[Dataset excerpts — start]
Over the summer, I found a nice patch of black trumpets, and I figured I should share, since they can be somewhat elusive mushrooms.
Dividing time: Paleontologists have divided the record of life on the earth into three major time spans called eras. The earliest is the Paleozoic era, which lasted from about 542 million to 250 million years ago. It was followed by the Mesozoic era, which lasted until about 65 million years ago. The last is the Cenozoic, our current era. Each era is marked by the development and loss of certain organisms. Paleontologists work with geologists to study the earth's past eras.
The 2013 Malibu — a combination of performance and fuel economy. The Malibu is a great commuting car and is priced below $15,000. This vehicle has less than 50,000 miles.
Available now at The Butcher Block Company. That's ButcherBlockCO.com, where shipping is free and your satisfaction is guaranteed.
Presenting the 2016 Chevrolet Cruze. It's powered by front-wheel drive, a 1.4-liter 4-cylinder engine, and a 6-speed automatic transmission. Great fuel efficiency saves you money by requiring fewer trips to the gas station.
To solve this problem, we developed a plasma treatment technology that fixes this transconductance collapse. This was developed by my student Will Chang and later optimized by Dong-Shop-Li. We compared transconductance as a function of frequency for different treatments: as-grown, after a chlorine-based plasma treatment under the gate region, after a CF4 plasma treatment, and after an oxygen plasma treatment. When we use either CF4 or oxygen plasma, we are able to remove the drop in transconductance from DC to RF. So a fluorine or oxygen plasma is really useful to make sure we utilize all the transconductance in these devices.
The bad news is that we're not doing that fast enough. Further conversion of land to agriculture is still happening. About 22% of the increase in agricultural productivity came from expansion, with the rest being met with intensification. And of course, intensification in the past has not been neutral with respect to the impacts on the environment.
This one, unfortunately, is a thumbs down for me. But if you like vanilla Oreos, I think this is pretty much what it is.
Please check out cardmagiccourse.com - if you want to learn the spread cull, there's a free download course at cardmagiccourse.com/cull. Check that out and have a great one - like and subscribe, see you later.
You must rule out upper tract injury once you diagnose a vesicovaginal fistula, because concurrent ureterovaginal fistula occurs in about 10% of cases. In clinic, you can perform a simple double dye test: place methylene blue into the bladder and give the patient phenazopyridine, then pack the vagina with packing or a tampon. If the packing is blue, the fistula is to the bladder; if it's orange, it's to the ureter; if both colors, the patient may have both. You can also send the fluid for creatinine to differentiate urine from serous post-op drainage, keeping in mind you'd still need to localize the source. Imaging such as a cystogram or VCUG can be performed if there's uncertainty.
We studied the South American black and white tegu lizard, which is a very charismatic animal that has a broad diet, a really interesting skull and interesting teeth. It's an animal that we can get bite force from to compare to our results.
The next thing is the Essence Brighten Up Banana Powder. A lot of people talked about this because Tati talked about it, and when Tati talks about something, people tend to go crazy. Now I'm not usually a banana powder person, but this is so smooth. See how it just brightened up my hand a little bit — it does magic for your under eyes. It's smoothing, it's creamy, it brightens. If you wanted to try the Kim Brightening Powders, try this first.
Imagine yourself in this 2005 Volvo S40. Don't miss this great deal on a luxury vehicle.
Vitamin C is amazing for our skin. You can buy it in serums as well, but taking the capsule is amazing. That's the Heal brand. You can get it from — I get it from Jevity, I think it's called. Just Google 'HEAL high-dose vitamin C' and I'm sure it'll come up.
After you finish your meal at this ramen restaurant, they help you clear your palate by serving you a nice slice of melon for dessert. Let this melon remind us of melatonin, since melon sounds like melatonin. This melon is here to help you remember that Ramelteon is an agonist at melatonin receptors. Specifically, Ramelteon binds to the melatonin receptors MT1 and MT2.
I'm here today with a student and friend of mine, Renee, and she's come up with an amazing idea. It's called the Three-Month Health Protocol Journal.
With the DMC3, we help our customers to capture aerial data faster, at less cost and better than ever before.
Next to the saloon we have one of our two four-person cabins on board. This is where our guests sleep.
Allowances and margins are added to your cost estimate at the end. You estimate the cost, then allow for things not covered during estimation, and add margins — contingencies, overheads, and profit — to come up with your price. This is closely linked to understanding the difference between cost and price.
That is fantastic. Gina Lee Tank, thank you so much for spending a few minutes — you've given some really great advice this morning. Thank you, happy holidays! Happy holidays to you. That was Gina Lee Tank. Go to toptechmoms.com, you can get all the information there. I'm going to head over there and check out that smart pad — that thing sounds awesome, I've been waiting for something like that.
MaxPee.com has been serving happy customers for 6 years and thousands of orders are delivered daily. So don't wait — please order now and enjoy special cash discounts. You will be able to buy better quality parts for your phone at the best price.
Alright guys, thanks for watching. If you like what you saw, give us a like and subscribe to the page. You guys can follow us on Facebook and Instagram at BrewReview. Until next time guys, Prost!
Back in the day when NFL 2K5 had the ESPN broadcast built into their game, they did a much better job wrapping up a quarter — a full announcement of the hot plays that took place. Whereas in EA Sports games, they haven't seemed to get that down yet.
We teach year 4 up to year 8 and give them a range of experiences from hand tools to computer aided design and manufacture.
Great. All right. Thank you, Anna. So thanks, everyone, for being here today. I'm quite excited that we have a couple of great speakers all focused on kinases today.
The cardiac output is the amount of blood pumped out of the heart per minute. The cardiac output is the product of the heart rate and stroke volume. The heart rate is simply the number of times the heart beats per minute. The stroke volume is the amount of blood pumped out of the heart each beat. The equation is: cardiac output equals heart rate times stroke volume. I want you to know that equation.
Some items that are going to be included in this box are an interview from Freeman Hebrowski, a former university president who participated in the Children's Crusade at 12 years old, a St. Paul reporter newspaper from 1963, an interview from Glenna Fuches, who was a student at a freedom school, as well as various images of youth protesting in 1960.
[Dataset excerpts — finish]
◆ Work required
Above are the entries. Copy exactly the part that opens with the line containing "The bad news" and closes with the line containing "Please check out", and no more.

◆ Answer box
The bad news is that we're not doing that fast enough. Further conversion of land to agriculture is still happening. About 22% of the increase in agricultural productivity came from expansion, with the rest being met with intensification. And of course, intensification in the past has not been neutral with respect to the impacts on the environment.
This one, unfortunately, is a thumbs down for me. But if you like vanilla Oreos, I think this is pretty much what it is.
Please check out cardmagiccourse.com - if you want to learn the spread cull, there's a free download course at cardmagiccourse.com/cull. Check that out and have a great one - like and subscribe, see you later.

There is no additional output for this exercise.